Very glad for you Troy Farmer. On our first field we sprigged it took 3 attempts to get it in the ground due to weather. I got tired of prepping the field! When we finally got it sprigged it was very late in the year and then we didn't get any rain for a month. But as the sayin' goes, "God looks after fools and little children." I ain't no child anymore,,,; . Lo and behold the following spring we had a nice stand. I pray your efforts prove even better.

Regards,

Steve


----------



## Troy Farmer (Jul 31, 2011)

We ended up with 0.8" rain. Next hurdle is getting the pre emergent down. Waiting for a calm day. I'll be using Direx 4L @ 2qts per acre.


----------



## Ranger518 (Aug 6, 2016)

Troy Farmer said:


> We ended up with 0.8" rain. Next hurdle is getting the pre emergent down. Waiting for a calm day. I'll be using Direx 4L @ 2qts per acre.

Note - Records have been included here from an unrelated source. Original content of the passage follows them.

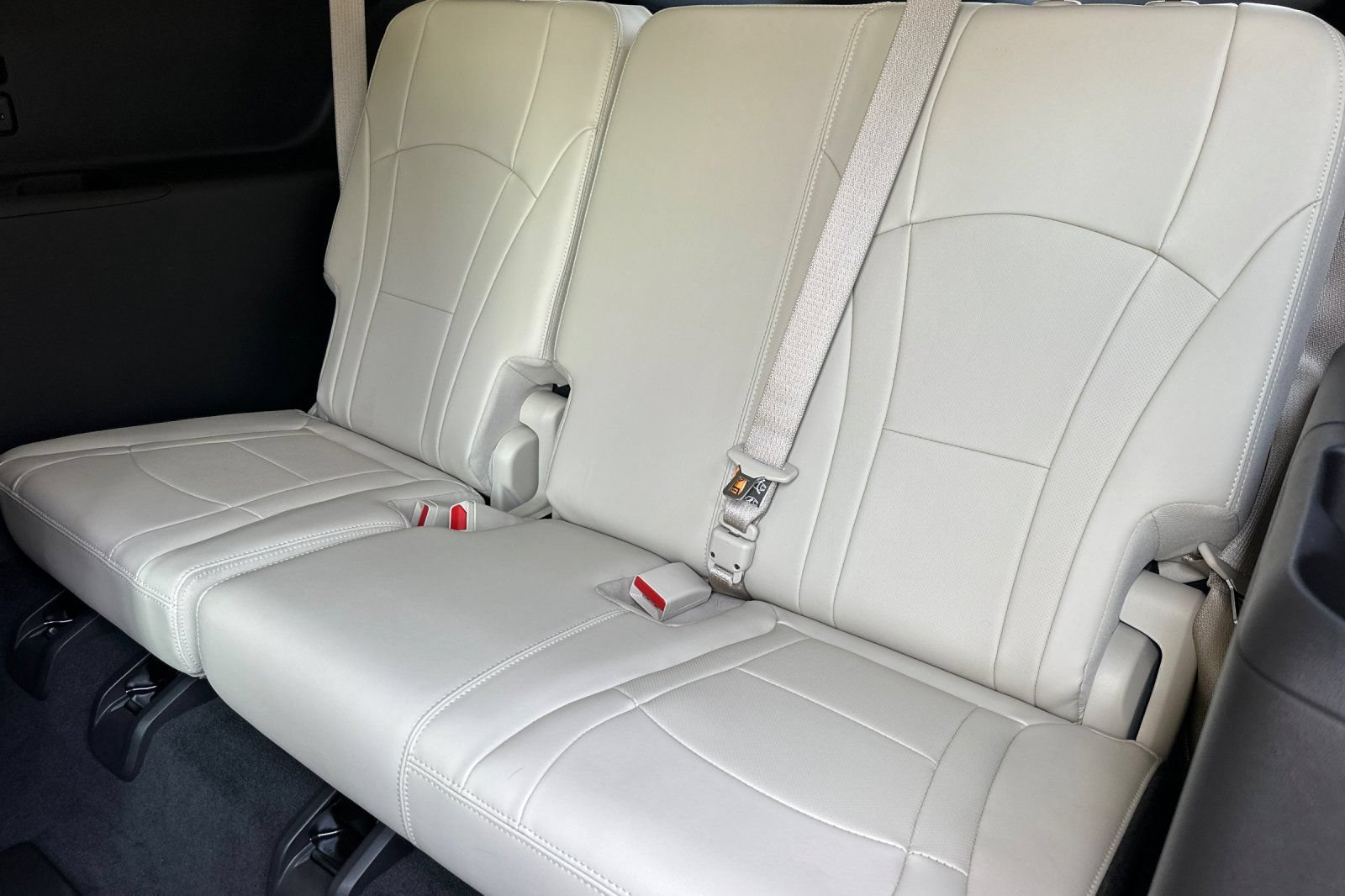 Certified 2023 Buick Enclave Essence w/ Experience Buick Package FWD image 19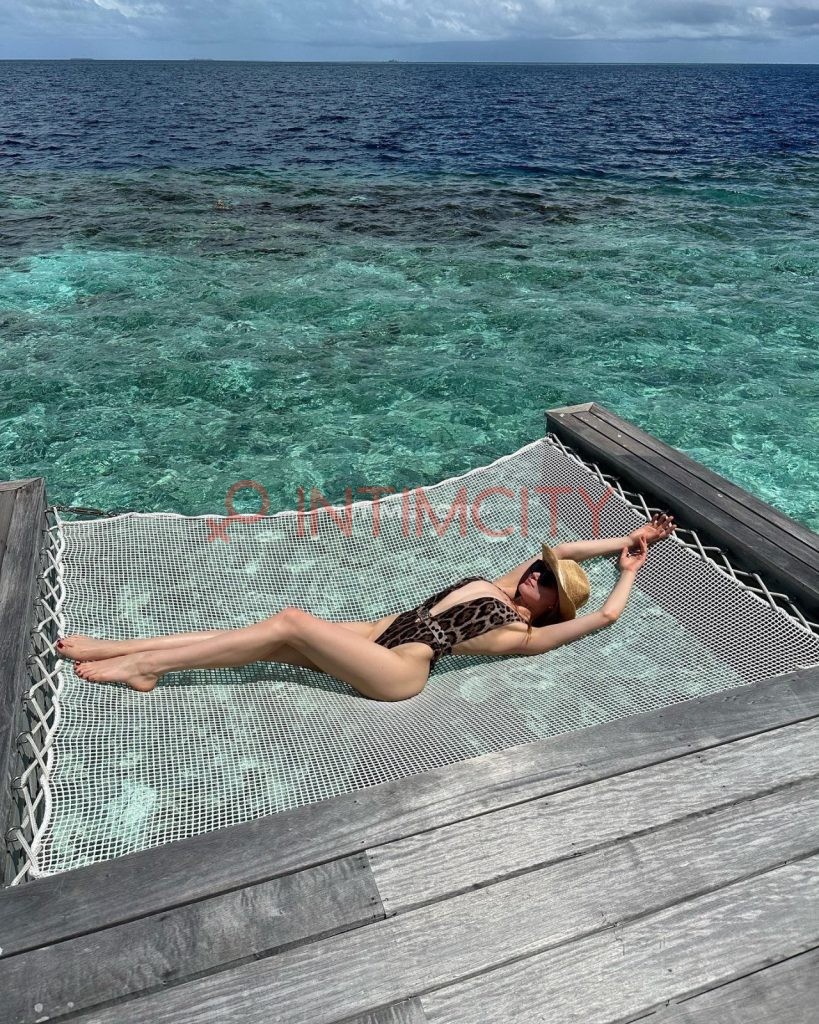 Шлюха Ангелина Робигуд, Get The Best Интимсити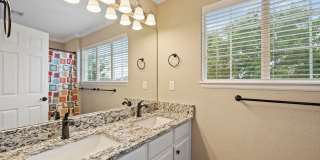 5 Bed 3.5 Bath Home in Maple Hills Available Now!! Gallery 12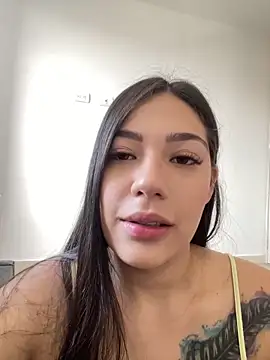 Latina vanessa online show from 10/09/25, 02:15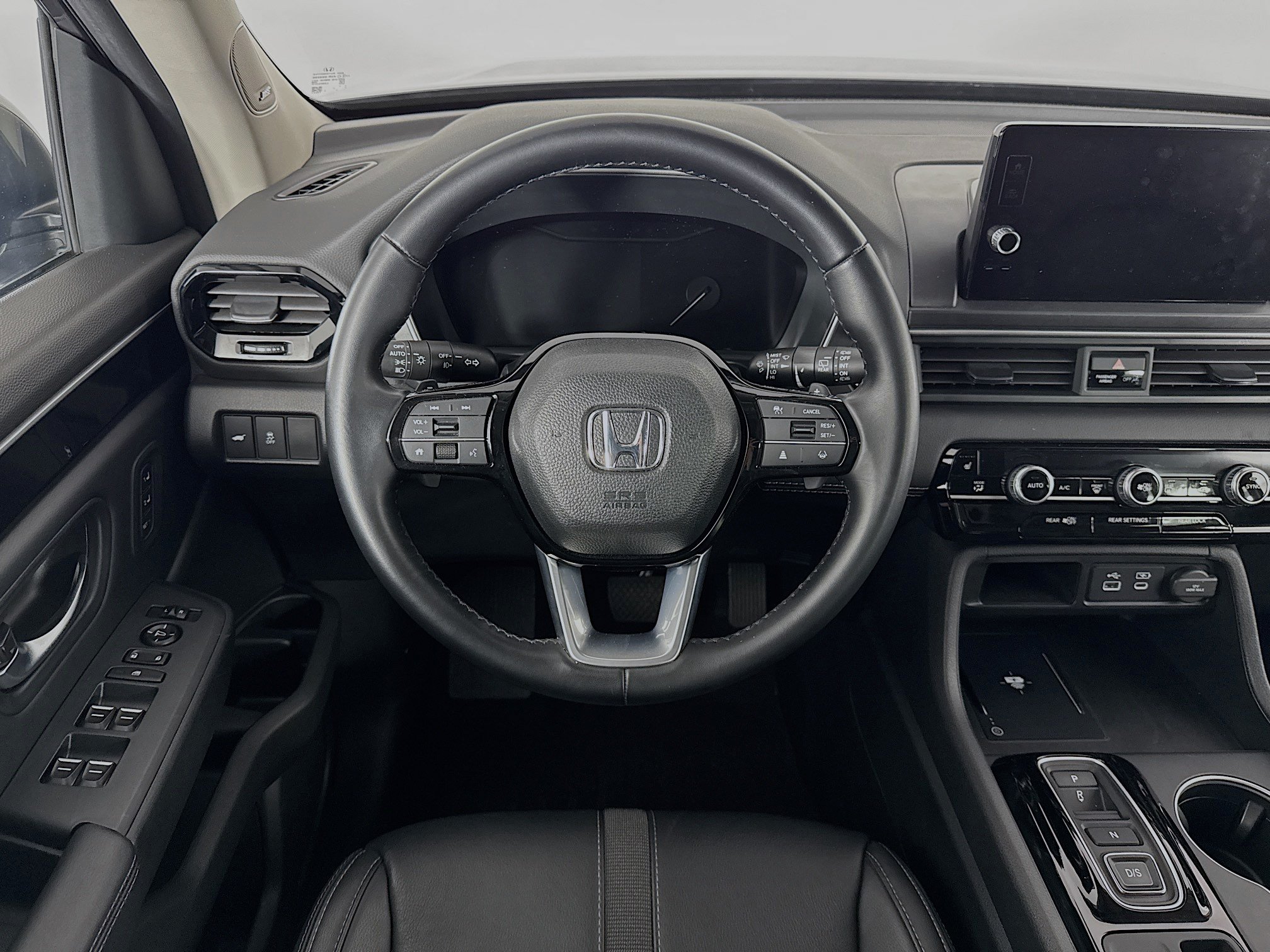 Certified 2023 Honda Pilot Touring image 24
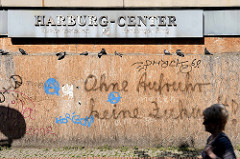 Schild Harburg-Center, mit Holzplatten vernagelter Eingang - Graffiti Ohne Aufruhr keine Zukunft.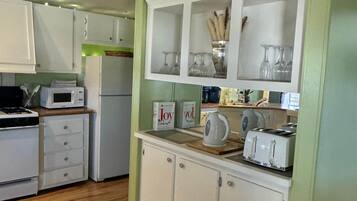 Kühlschrank, Mikrowelle, Herdplatte, Wasserkocher mit Kaffee-/Teezubehör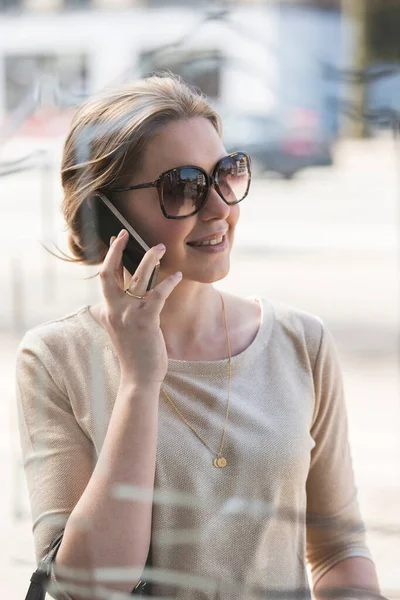 Jonge Vrouw Mobiele Telefoon Buiten Etalage — Stockfoto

That's what I used last year after I had my land sprigged it worked pretty good overall I hade some crabgrass other than that it was pretty clean.


----------



## Troy Farmer (Jul 31, 2011)

Here's an update on the Bermuda sprigging... it's coming up!


----------



## Vol (Jul 5, 2009)

Troy, post a couple of pics throughout the summer so that we can compare with your current pics.

Regards, Mike


----------



## Troy Farmer (Jul 31, 2011)

Will do.


----------



## Troy Farmer (Jul 31, 2011)

Here are some pictures I took today. 200 lb/acre 19-19-19 and plenty of rain. Things are looking good. I need to do some spraying though.


----------



## Vol (Jul 5, 2009)

It is looking good Troy. It will be a solid mass before long. You have had very good growing conditions along with a very good planting.

Regards, Mike


----------



## Troy Farmer (Jul 31, 2011)

Just wanted to add some updated photos. This field is exceptional.

















This field has more red clay and weeds. I have vasey and dallis grass. I guess I'll work on that next year. A photo of Johnson grass after Outrider treatment.

















Sorry about the upside down pics. I couldn't figure out how to fix them.


----------



## clowers (Feb 11, 2011)

Whats is that? Tifton or Alicia


----------



## broadriverhay (Jun 13, 2014)

I had a 13 acre field sprigged with 88 bushels/acre of coastal in 2010. the same year I cut 1000 bales from that field. so with proper care it can establish very quickly. Yours is looking great too.


----------



## Troy Farmer (Jul 31, 2011)

clowers said:


> Whats is that? Tifton or Alicia


Tifton 44


----------



## Troy Farmer (Jul 31, 2011)

broadriverhay said:


> I had a 13 acre field sprigged with 88 bushels/acre of coastal in 2010. the same year I cut 1000 bales from that field. so with proper care it can establish very quickly. Yours is looking great too.


Thanks broadriver. I figured I would bush hog one more time then take a cutting.


----------